At first I store the options in a 2 dimentional table with a simple loop, in this table I store the name of the column a well as the name of the element under the column that has to be deleted.
After that I call the functions which open a txt file which is then transformed into an excel file, it is in this new excel file that the deletes have to be done.
I then reset the NbLignes variable as well as call new variables.
Here is where the issues begin, I thought that by iterating on the number of lines the new excel file has; the program was going to look for all of the instances of the word in the column and was going to delete them, but so far it will only do it 3 times.
I am totally lost as to what modify to be able to fix this.

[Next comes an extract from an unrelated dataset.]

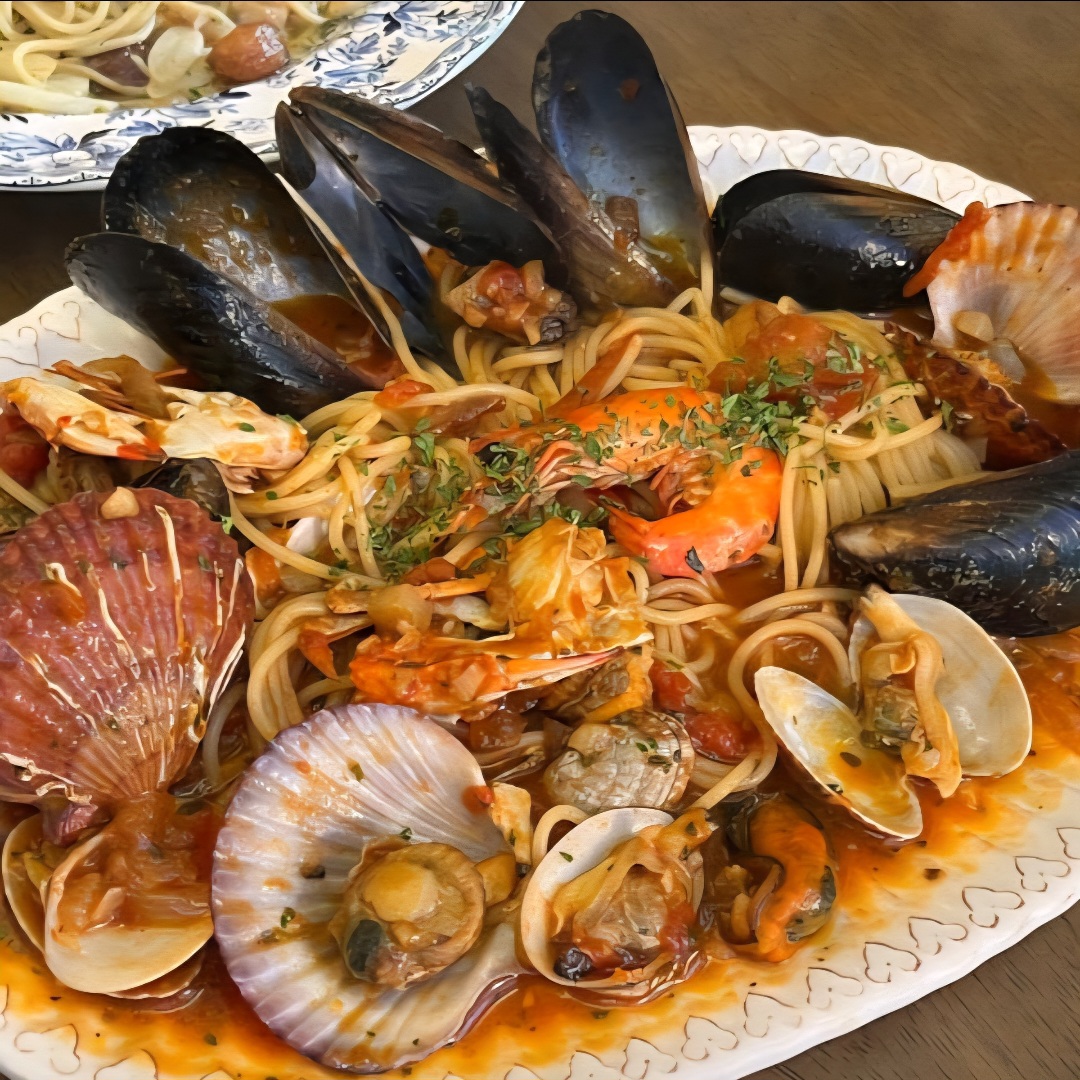  Seafood tomato pasta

Here is what the config table looks like, this is what the user can modify to specify what to delete, it is also what I store inside of the 2d Table:
User can add as many columns and names as needed
EDIT: What the code does now after updating is that it deletes all the elements that have the same name as the first one in the image (fun_h_opcomp), the expected outcome would be that as soon as all those elements are deleted, the program should then pass on to the next one (fun_b_pterm) and so on.
Of course the i was just an Example for that counter and you must use your newCtr counter here, and FirstRow must be set to a value.
Const FirstRow As Long = 1
Dim newCtr As Long 'always use Long for row counting
For newCtr = NbLignes To FirstRow Step -1
Set rng = rngHeaders.Find(Table(newCtr, 1))
If Table(newCtr, 1) = rng Then
MsgBox "All is gud!!"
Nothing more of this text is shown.